Even more common than money loans are the corn loans. Here the loans were generally for a short time just before harvest, when the repayment was expected. The period is usually short, five days,[655] or a month.[656] Interest is sometimes demanded, at the rate of one hundred ḲA per GUR, or one-third, that is, thirty-three and a third per cent. This was probably the rate per mensem, four hundred per cent. per annum. But in one case the interest is one hundred ḲA per GUR per annum,[657] once it is expressly said to be nothing,[658] usually it is not referred to at all. Sometimes a loan was partly in money, partly in corn.[659]

Other loans of produce

Other things were lent, as sesame, skins, bricks, and the like, but these loans exhibit no peculiarity. They are merely letting the borrower have goods on credit, to be paid for, or returned, after a time.

We may take, as an example of this kind of transaction, a rather more complicated case:[660]

Record of a loan

Two and seven-thirtieths of a GUR of corn, Shamash standard measure, which Ilu-kasha, son of Sharru-Shamash, gave to Belshunu, Ilushu-abushu, and Ikash-Ninsaḫ. Ilu-kasha brought the corn and returned one GUR and one-tenth and took for himself two hundred [pg 254] and twenty ḲA. Later he paid one-tenth of a GUR to Ilushu-bânî, Ikash-Ninsaḫ, and Shumma-Shamash, and they remitted in all three GUR, the former and later debt.

In the second case only one of the former debtors is left. The loan was partly repaid, a fresh loan contracted, and then partly repaid. It is not clear whether the arrears were remitted or extracted by distraint. Nor is it clear whether Ilukasha was debtor or creditor. As a rule such points are clear. It is only the conciseness of the formula which here causes the obscurity.

Loans or allowances in series

Another fairly common type of document contains a number of sections, each containing the record of one sum. But it is not clear that these were loans. They may be allowances for food or salary. Thus in B1 247 we have so much corn for the women weavers, so much more for the votaries, so much for other officials, from the first of one month to the thirtieth, so much for the Sutî who was watching the field, so much for a boatman, and so on. These are perhaps a temple steward's accounts. Their interest lies only in the incidental notices. We also note that here a month had thirty days. It is interesting to find that the celebrated Sutî nomads who later gave so much trouble, were already in the country and were employed to watch the fields.

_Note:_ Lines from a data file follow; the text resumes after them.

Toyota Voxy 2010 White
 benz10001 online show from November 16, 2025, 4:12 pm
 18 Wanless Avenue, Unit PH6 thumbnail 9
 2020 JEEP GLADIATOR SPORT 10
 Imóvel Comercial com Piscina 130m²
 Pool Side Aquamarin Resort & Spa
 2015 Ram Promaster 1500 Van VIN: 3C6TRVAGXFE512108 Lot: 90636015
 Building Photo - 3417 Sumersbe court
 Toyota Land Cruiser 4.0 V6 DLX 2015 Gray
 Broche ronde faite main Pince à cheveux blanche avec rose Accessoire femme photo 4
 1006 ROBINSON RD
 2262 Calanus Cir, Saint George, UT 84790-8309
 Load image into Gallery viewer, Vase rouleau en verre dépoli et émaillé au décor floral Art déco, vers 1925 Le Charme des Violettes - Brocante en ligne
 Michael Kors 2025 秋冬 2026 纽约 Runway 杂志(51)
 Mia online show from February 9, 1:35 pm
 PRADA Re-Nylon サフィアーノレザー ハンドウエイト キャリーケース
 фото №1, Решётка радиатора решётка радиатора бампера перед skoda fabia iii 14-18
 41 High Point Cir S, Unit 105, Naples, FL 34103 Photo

Was this watching done on the principle of “setting a thief to catch a thief”? Perhaps it was necessary to employ a Sutî as custodian, of course at a salary, if one was to preserve the crop from the depredations of his fellow-tribesmen.

Some of these tablets expressly state the amount of corn loaned, giving the date for repayment.[661] Hence we see what a narrow margin divides the proper bond from the mere receipt, or even the memorandum of the loan.